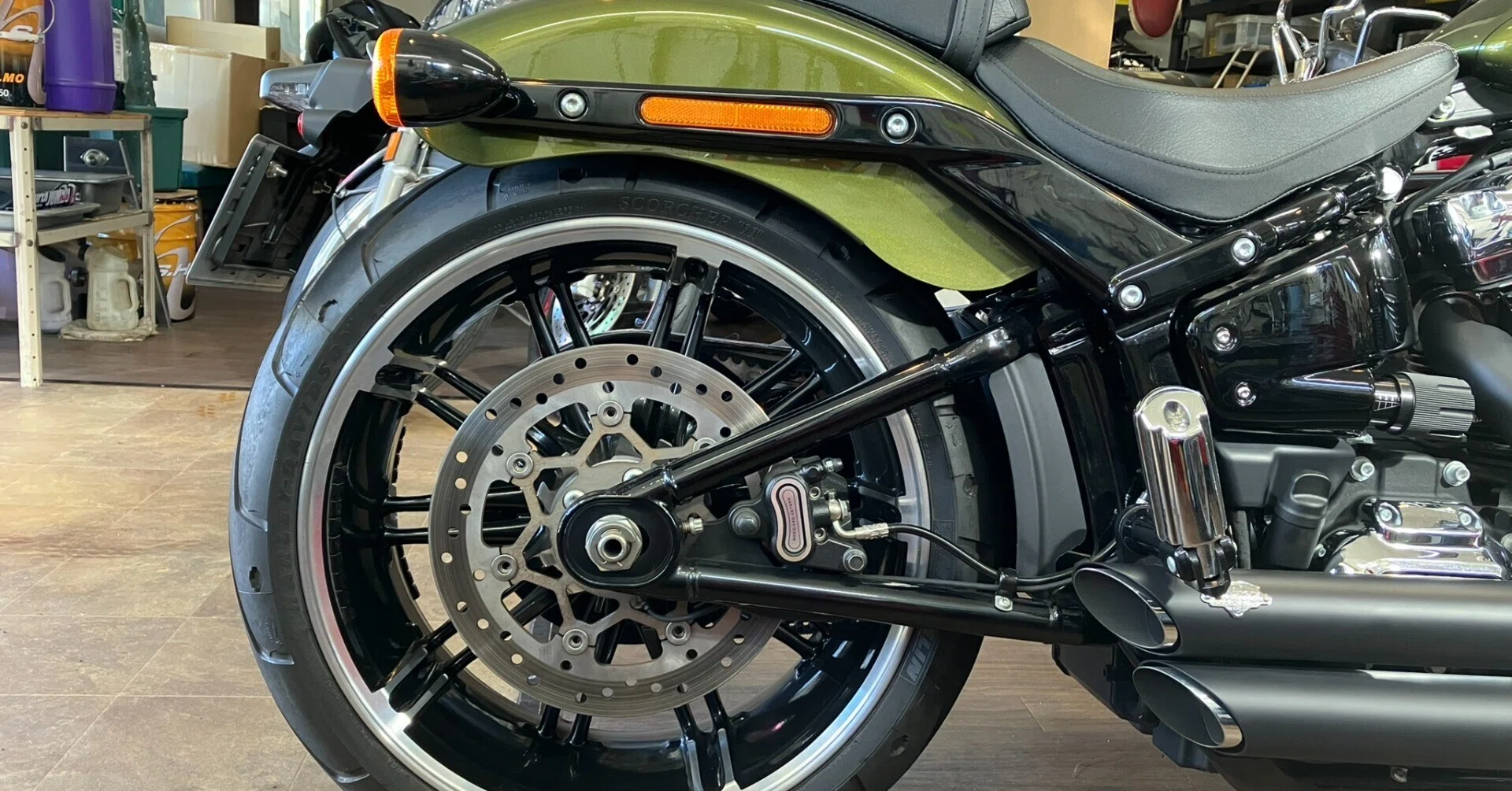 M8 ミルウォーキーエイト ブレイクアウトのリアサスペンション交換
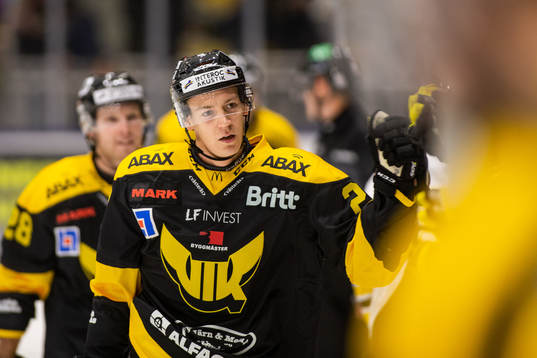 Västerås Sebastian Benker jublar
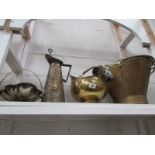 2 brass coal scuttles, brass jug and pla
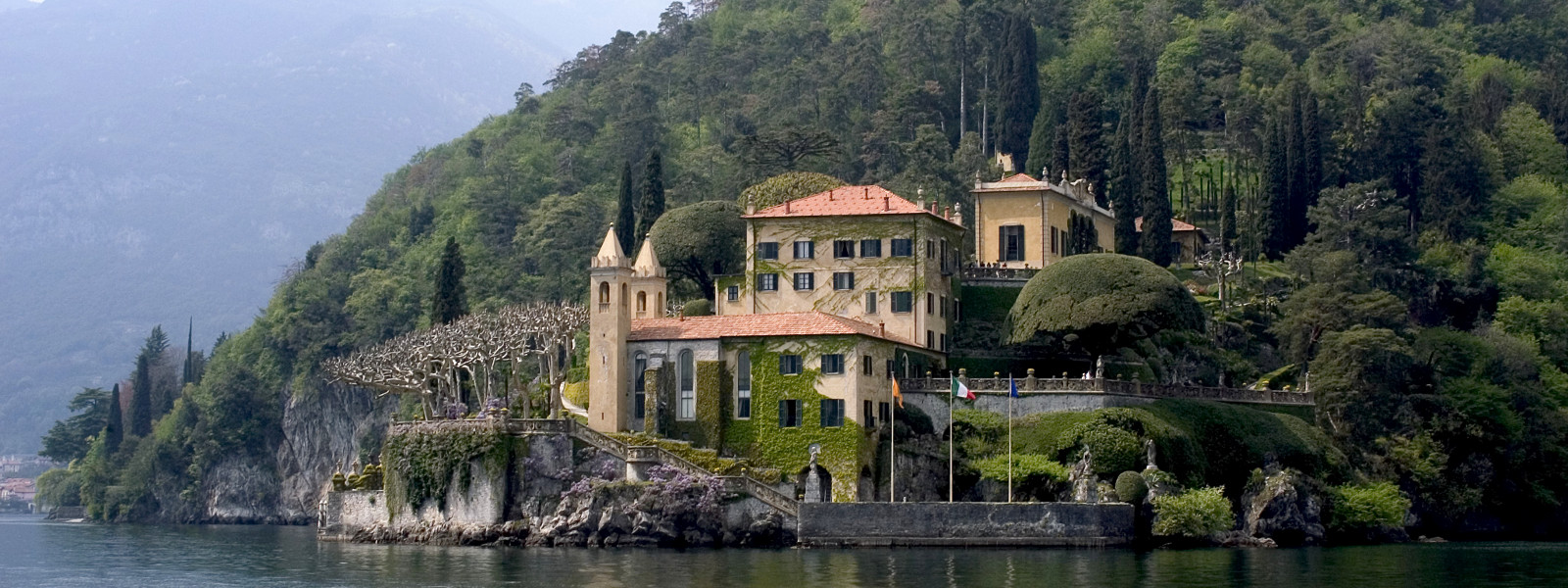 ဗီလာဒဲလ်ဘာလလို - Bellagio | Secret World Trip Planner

ABOUT THIS TASK: Leave out the pictures, and write out all the remaining data above exactly.

SOLVED EXERCISE:
 M8 ミルウォーキーエイト ブレイクアウトのリアサスペンション交換
 Västerås Sebastian Benker jublar
 2 brass coal scuttles, brass jug and pla
 ဗီလာဒဲလ်ဘာလလို - Bellagio | Secret World Trip Planner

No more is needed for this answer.